Seroprevalence study in Irula tribe of Marakkanam, Tamil Nadu State was carried out for certain bacterial (typhoid, syphilis and leptospirosis) and viral infection (hanta,hepatitis B and human immunodeficiency virus (HIV)).

Result

Highest seroprevalence was observed for leptospirosis (61.1%) followed by, hepatitis B virus surface antigen (11.11%), syphilis (9.72%), typhoid (8.33%), hantavirus (6.9%) and HIV (2.77%).

Observation

The seroprevalence of leptospirosis and hantavirus may be attributed to their professional exposure to rodent that they catch in the open field and the syphilis, hepatitis B and HIV prevalence may be related to their sexual behavior and social customs.

Type
Research
Copyright
Copyright © Cambridge University Press 2012

Introduction

India as a whole has long been characterized with considerable heterogeneity in terms of religion, territory, language and caste. During the colonial period, the British enumerated and classified India's population into groups, one of which was the category of tribal or ‘adivasi’ (indigenous people). Before outside intervention, many tribal population had self-regulating economic and political systems (Betteille, Reference Betteille1986).
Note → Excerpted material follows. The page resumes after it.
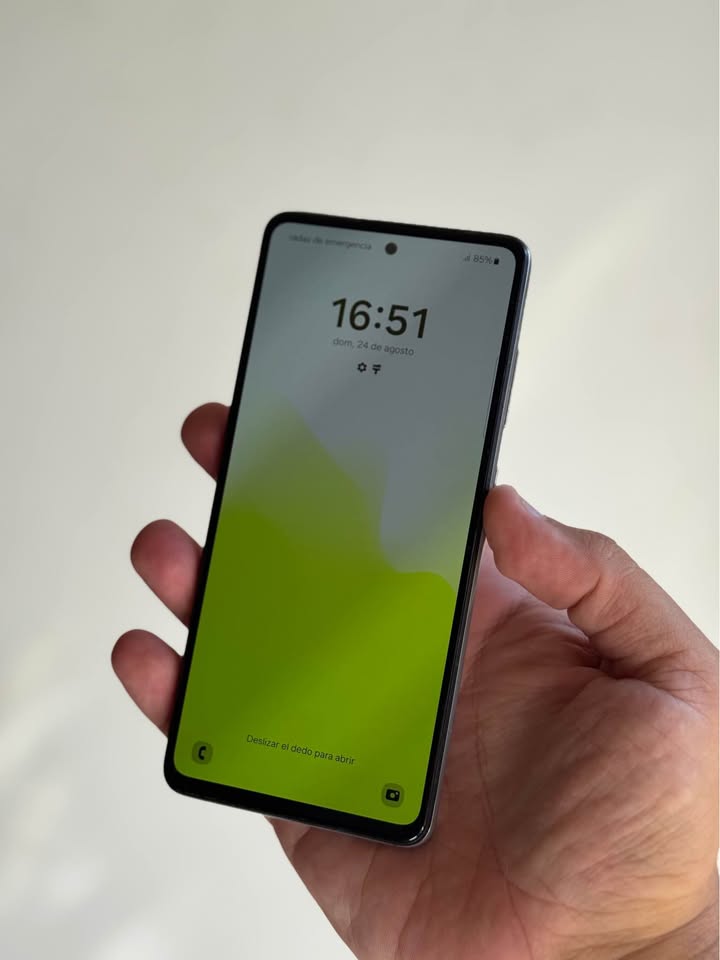 Vendo Samsung A52 libre 128gb 6ram huella NFC , NO PERMUTO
In Tamil Nadu state, the Irula tribe is the most numerous and is confined to different locations (Watkins et al., Reference Watkins, Prasad, Naidu, Rao, Bhanu, Ramachandran, Das, Gai, Reddy, Reddy, Sethuraman, Bamshad and Jorde2005). Irula tribes are forest dwellers, who are often referred to as ‘snake catchers’, and are dependent on the forest for their daily needs including food, shelter, instruments, medicine and even clothing. They are also referred to as ‘rat catchers’ who eat cooked or fried rats along with the staple food rice. However, it is no longer their means of living, and over the years because of various forest acts and legislations of the central and state governments some of them have now moved out of the forest and earn their living by doing coolie work in the agricultural fields or in the rice mills (Thakar, Reference Thakar2008). Tattooing is still frequently seen, especially on the forehead (Jayanth, Reference Jayanth2001). Their sexual practice includes pre-marital and extra marital practices.

Lack of access to health-care facilities is the main factor discouraging health seeking in tribal communities in India. Although several studies have been carried out on common diseases and health-care activities among general population in India, only few studies have been carried out on tribal population (Hallikeri, Reference Hallikeri2008). In Tamil Nadu, so far only few disease prevalence studies have been carried out in tribal communities either in Nilgiri tribes or in Kolli Hill tribes (Kalaivani et al., Reference Kalaivani, Rajendran, Thyagarajan, Rajesh, Hari, Selvakumar, Ramkumar, Anbalagan and Senthil Kumar2001; Rajendran et al., Reference Rajendran, Althaf Hussain and Thyagarajan2001).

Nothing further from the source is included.